Dompet Kelas Menengah 'Lesu', Jokowi Siapkan Insentif di 2025
Jakarta, CNBC Indonesia - Pemerintahan Presiden Joko Widodo atau Jokowi, di masa akhir pemerintahannya, berencana memberikan insentif khusus untuk menjaga daya tahan ekonomi kelas menengah dalam Rancangan Anggaran Pendapatan dan Belanja Negara (RAPBN) pada 2025. Rencana ini akan disiapkan oleh Kementerian Keuangan.
Kepala Badan Kebijakan Fiskal (BKF) Kementerian Keuangan Febrio Nathan Kacaribu mengungkapkan, ruang fiskal untuk memberikan insentif fiskal itu kini tengah disiapkan dalam Kerangka Ekonomi Makro dan Pokok-Pokok Kebijakan Fiskal (KEM-PPKF) 2025 yang menjadi acuan postur RAPBN 2025.
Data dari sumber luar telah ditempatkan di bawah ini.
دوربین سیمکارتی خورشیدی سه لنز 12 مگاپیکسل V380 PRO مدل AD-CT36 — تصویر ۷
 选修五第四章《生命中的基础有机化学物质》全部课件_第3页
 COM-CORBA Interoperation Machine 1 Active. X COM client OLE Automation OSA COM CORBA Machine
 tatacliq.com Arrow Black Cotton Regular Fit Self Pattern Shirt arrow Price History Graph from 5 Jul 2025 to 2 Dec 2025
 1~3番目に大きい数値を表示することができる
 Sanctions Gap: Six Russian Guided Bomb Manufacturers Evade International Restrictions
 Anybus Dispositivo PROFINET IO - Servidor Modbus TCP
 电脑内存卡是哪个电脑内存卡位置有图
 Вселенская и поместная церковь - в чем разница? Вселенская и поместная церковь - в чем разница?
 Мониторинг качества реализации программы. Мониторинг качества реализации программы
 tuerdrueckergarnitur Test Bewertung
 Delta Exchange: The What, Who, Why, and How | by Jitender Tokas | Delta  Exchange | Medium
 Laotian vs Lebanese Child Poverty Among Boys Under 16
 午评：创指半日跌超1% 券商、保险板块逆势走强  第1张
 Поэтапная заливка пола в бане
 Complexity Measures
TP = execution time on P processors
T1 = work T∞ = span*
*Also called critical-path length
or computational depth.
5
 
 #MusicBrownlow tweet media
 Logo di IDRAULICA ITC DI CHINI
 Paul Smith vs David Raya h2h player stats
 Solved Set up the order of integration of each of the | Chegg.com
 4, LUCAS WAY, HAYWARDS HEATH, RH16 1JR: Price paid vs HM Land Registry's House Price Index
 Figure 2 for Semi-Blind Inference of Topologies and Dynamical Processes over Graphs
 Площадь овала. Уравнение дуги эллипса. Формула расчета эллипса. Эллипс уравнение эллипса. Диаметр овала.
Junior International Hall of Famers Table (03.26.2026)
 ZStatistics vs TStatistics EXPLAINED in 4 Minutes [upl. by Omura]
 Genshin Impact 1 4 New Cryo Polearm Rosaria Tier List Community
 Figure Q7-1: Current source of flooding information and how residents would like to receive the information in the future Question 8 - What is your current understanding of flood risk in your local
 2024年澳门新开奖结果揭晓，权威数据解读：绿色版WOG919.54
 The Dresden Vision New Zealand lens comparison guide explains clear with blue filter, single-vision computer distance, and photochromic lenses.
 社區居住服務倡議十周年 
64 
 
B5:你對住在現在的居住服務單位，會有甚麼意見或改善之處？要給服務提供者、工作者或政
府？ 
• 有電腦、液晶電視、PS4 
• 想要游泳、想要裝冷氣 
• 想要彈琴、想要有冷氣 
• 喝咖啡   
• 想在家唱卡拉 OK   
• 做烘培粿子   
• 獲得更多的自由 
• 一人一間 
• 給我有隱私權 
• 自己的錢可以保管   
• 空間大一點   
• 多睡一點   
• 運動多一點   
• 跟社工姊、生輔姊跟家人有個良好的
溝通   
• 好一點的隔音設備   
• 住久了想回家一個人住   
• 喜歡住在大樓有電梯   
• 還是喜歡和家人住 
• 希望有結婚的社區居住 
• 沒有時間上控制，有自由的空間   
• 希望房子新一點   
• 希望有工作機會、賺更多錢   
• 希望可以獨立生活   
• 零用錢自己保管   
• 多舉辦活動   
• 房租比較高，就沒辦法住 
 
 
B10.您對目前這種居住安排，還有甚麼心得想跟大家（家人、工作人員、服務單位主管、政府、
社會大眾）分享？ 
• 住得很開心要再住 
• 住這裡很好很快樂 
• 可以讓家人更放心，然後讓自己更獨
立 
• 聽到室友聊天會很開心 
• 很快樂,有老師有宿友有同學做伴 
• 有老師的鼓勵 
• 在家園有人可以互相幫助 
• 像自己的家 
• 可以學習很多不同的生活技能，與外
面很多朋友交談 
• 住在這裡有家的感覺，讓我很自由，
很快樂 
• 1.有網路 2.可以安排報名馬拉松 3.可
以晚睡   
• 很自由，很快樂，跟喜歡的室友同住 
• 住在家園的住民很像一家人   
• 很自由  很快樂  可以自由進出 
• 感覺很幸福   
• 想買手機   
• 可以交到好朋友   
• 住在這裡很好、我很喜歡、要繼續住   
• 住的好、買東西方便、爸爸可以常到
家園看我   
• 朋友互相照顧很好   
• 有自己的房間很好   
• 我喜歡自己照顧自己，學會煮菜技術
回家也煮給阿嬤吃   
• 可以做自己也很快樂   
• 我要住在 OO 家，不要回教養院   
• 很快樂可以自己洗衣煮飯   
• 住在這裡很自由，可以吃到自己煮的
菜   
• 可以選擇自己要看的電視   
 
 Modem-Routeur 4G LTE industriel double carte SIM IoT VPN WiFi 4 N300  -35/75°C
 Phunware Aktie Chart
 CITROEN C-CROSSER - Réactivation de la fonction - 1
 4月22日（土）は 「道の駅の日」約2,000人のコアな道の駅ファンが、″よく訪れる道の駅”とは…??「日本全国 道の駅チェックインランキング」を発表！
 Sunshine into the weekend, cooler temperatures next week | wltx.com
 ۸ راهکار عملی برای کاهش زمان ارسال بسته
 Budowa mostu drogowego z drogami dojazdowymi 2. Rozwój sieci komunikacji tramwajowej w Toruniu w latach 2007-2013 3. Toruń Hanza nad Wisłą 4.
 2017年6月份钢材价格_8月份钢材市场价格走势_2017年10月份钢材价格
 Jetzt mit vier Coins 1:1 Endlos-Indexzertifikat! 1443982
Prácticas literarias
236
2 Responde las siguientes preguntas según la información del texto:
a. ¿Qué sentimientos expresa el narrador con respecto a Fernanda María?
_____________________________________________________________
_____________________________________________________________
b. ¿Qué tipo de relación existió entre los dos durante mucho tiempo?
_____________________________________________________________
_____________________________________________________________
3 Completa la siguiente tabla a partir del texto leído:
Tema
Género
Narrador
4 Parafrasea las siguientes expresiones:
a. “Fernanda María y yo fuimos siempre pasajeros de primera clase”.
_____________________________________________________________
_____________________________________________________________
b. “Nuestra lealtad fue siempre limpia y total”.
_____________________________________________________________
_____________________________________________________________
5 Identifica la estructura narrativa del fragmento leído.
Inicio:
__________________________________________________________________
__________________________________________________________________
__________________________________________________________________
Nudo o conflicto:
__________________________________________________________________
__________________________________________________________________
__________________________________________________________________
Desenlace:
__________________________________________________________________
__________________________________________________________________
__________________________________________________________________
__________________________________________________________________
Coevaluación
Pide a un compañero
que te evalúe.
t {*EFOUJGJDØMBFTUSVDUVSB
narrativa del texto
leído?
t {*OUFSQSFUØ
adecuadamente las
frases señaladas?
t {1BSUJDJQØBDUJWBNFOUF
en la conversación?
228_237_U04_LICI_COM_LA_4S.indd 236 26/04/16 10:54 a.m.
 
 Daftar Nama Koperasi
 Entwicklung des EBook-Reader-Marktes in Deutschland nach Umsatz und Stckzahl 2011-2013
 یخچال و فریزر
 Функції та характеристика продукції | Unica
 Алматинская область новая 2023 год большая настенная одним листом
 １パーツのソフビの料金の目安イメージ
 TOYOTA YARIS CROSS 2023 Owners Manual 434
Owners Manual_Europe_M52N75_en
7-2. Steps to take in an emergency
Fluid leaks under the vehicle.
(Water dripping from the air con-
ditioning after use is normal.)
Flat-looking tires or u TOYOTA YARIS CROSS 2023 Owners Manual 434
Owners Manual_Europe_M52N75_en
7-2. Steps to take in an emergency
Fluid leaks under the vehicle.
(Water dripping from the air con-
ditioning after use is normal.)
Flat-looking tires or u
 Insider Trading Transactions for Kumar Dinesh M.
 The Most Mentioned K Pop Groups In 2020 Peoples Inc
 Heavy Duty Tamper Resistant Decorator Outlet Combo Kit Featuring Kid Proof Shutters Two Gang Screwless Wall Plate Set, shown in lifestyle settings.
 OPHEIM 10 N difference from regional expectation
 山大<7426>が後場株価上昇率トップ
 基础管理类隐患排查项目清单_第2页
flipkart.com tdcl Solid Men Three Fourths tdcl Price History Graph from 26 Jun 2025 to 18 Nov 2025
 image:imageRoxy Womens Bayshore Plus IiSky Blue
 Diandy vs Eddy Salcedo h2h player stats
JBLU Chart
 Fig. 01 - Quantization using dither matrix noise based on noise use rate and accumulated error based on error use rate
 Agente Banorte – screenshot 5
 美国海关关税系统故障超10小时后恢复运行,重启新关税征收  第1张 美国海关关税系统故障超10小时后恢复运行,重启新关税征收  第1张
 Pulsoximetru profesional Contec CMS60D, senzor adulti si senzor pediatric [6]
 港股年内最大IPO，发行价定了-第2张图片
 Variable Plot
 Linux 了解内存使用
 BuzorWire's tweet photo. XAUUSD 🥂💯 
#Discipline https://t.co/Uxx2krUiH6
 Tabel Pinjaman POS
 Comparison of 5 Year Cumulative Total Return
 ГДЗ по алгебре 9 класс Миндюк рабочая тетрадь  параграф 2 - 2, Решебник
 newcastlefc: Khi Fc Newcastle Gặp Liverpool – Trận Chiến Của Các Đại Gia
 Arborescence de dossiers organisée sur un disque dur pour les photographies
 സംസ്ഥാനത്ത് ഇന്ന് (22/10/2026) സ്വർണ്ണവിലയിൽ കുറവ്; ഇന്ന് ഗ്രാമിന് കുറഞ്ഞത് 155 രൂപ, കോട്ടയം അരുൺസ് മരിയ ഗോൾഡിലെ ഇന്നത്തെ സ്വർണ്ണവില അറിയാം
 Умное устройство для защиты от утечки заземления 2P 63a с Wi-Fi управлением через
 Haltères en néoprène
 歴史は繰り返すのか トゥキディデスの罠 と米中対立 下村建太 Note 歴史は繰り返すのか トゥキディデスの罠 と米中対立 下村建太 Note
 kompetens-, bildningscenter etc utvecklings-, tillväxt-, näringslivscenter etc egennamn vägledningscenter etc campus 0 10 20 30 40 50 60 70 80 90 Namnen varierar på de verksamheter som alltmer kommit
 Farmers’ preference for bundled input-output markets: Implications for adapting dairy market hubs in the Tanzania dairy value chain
"Tadi kita lihat di KEM-PPKF, kita mengusulkan untuk memang kuat melihat well being, kesejahteraan masyarakat. Artinya tidak hanya yang selama ini kita fokus, yaitu miskin dan rentan," kata Febrio saat ditemui di kawasan Kompleks Parlemen, Jakarta, Senin (20/5/2024).
"Nah saat ini kita melihat ruang untuk fiskal berperan untuk melihat kelas menengah," tegasnya.
Febrio enggan mengungkapkan insentif fiskal apa saja yang akan disiapkan untuk kalangan kelas menengah ke depan. Ia hanya menekankan bahwa konsepnya akan serupa dengan kebijakan pemberian insentif fiskal bagi kelas menengah yang selama ini diterapkan, yaitu insentif pajak pertambahan nilai ditanggung pemerintah atau PPN DTP.
Insentif PPN DTP yang telah digelontorkan itu di antaranya untuk pembelian rumah sebagaimana ditetapkan dalam Peraturan Menteri Keuangan (PMK) Nomor 7 Tahun 2024 tentang PPN DTP Tahun 2024 atas penyerahan rumah tapak dan satuan rumah susun.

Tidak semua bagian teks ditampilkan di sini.